Thursday, September 22, 2011

A Foreigner at Home


I feel foreign when...

  • I forget to wear my high heels and my long summer dress when we go for a stroll in the park.

  • Peter and I hold hands in public. Mothers and Fathers hold their children's hands; couples link arms.

  • Cigarette smoke bothers me.

  • I am with a large crowd of Americans.

  • When I attempt to speak Russian.

  • When I only understand one full sentence of Russian.

  • I look around and realize that no one looks like me.

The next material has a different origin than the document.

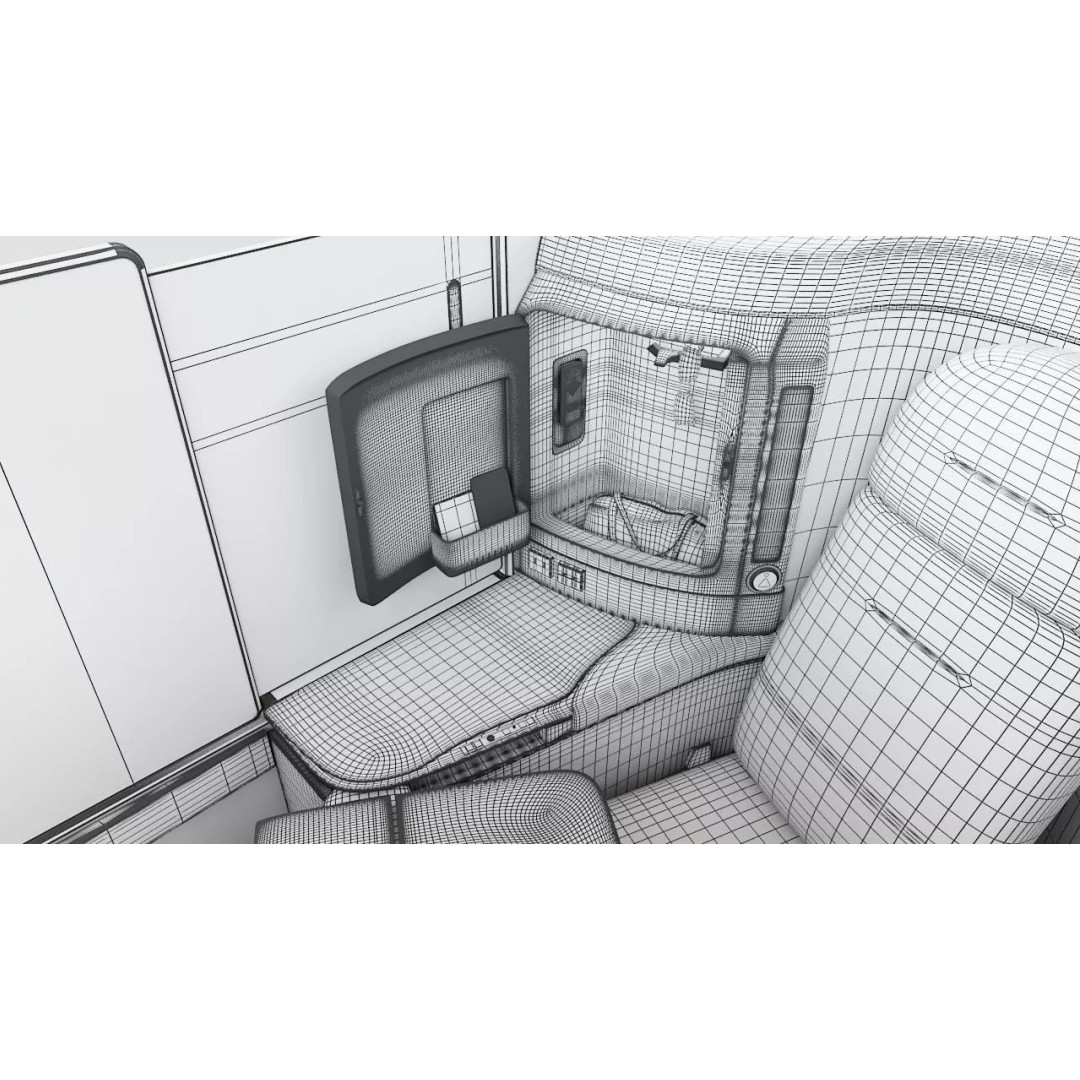 First-Class Cabin 3D Model – High Poly Animated Aircraft Interior - View 35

Strange! (Although, if I upped the dressiness level of my outfit, I could pass for Russian).

  • We buy bacon from the same place we buy homestyle chocolate chip cookies.
  • I flinch when a car gets a little too close to me.

I feel at home when...

  • I chat it up with the girl at the samci stand.

  • The woman at the rotisserie chicken stand (next to the little shop we go to to buy American chocolate chip cookies) says, “Ne Vedila Vam Davno” (I haven't seen you in a long time) after summer break.

  • When I can say “Well, it is Kyrgyzstan after all” in response to oh so many things – like how cars run the stoplights, how things are always done last minute, how it is hard or impossible to find this or that or the other etc... but would feel defensive if an outsider made the same comment.

  • When I understand a full sentence of Russian.

  • When I can show the new-hires their way around town.

  • When I boldly (albeit stupidly) walk across a crosswalk just because everybody else is, not because it is our turn to cross.